* **Task prompt**:
Would you repeat the listing exactly, without any of its images?

* **Available data**:
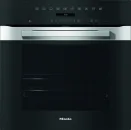 Miele H 7260 BP CleanSteel - фото 2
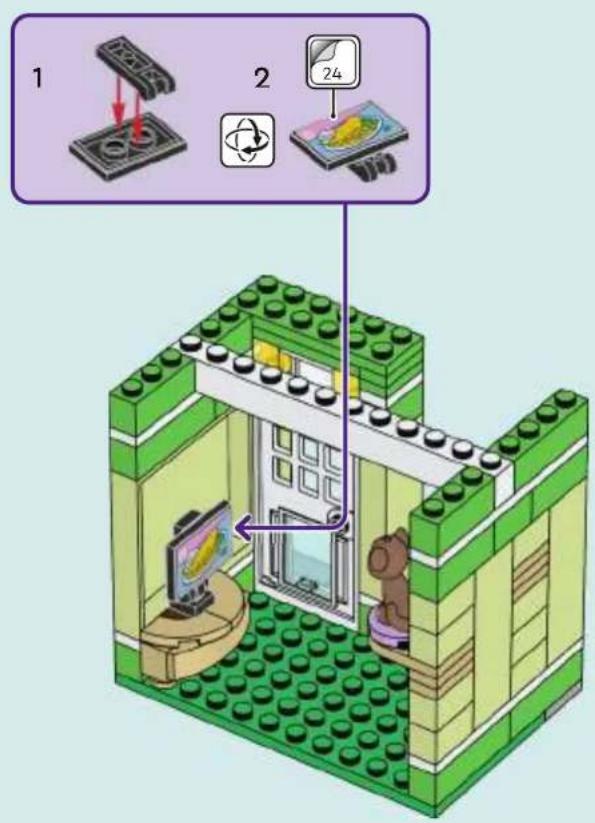 LEGO Friends 42670 - 25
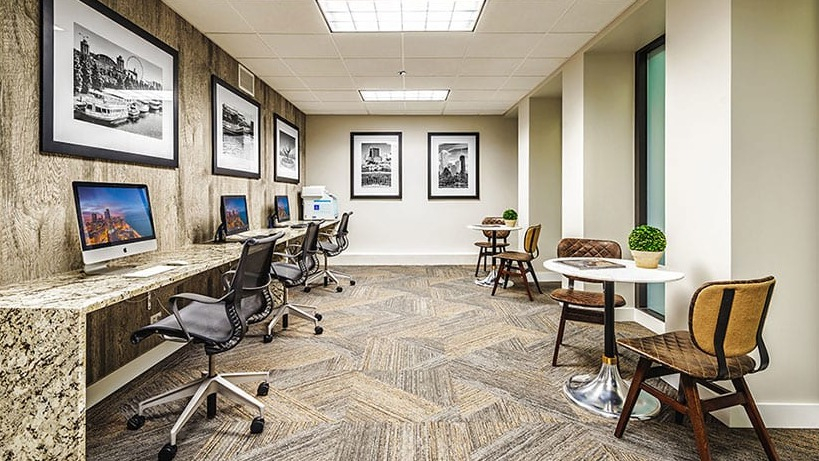 Axis Apartments & Lofts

* **Exercise answer**:
 Miele H 7260 BP CleanSteel - фото 2
 LEGO Friends 42670 - 25
 Axis Apartments & Lofts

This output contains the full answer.